International Trade equilibrium

LOS 20 G:

exports - imports = private savings + government savings - domestic investment

Intuition is that low private or government savings in relation to private investment in domestic capital requires foreign investment in domestic capital.

I don’t really understand this–If there is high private investment in domestic capital, why is foreign investment in domestic capital required as well?

Not sure what the big deal is. But first and foremost, if the formula doesn’t make sense, you should be thinking about the math.
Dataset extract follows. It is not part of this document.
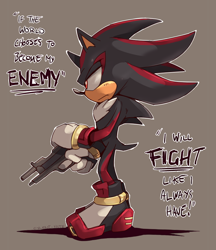 Size: 800x925 | Tagged: safe, artist:cylent-nite, shadow the hedgehog, hedgehog, grey background, gun, male, simple background, solo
Basically you have your Keynesian formula:

Y=C+I+G- IM+X

GDP= Consumption + Investment+Goverment Spending - Imports +Exports

And you have your Private Savings Formula:

S = (Y-T)-C

Private Savings(S) = Disposible income(total income-taxes)-Consumption©

Rewrite Private savings formula as a function of Y and subsitute into Keynesian Formula, solving for Net Exports (X-IM)

X-IM=S+(T-G)-I

So now you have Net Exports(Imports-Exports) =Private Savings +(Taxes-Government Spending) - Investment

Whereby (Taxes-Government Spending)= Government Savings

This leads us to your equation:

exports - imports = private savings + government savings - domestic investment

Now that it makes sense mathmatically. What does it mean?

In equilibrium, the trade balance, aka net exports, must be equal to both private and government savings minus whatever the firms decides to invest. Generally, what firms want to invest must be equal to what people and the government want to save. Hence the IS relation, or Investment equals savings. When there are imbalances in this, that’s how trade deficits and trade surpluses are made.
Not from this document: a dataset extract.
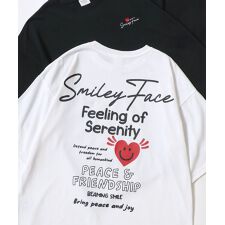 【 吸水速乾 UVカット 】 スマイリーフェイス バックプリント 半袖 Tシャツ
A trade surplus must occur when you have more total savings than investment; likewise a trade deficit must occur when you have more investment than savings.

So basically, for a given period, if country x has more investments than it saves, they must have more imports than exports, thus they are net borrowers and they have a trade deficit. Likewise, if country x saves more than its investments, they are must have more exports than imports, thus they are net lenders and end up with a trade surplus for that period.